• GIVEN DATA
====

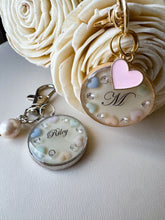 Load image into Gallery viewer, Eternity Heart Pet ID Tag Vday26
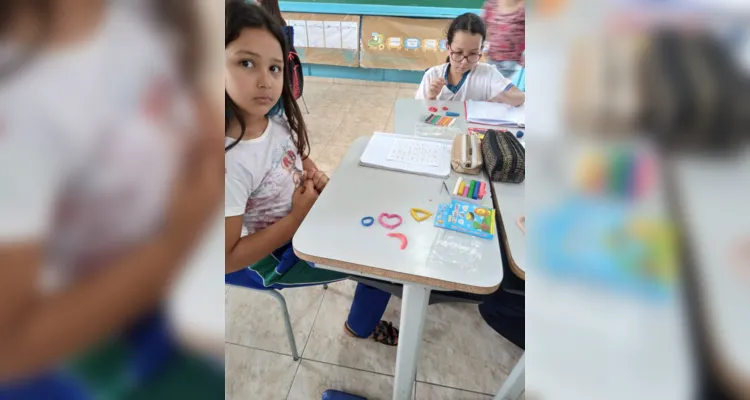 Trabalho contou com diversos pontos em sala de aula, ampliando ainda mais possibilidades dos educandos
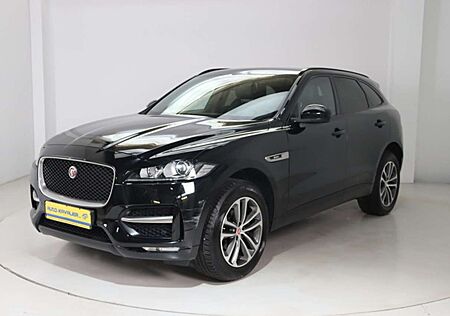 Jaguar F-Pace 25t AWD * Navi * Anhängerk * LED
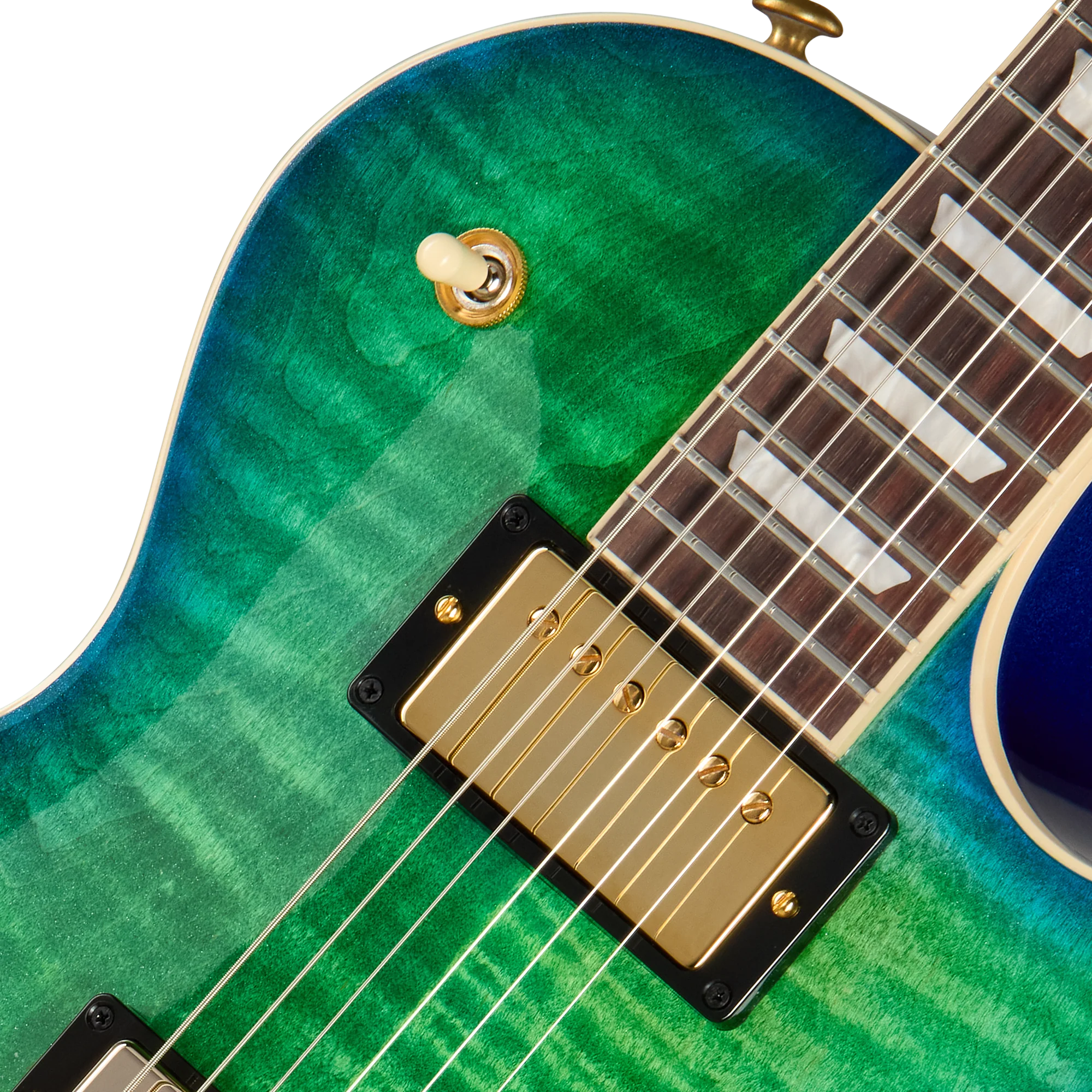Gibson Mod™ Collection Les Paul Standard 60s, Algal Bloom 7 Gibson Mod™ Collection Les Paul Standard 60s, Algal Bloom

====

• WHAT YOU NEED TO DO
Only the lines from the first line of the listing above through the line with "Jaguar F-Pace 25t" should be set down, exactly and without pictures.

• RESULT BELOW
 Load image into Gallery viewer, Eternity Heart Pet ID Tag Vday26
 Trabalho contou com diversos pontos em sala de aula, ampliando ainda mais possibilidades dos educandos
 Jaguar F-Pace 25t AWD * Navi * Anhängerk * LED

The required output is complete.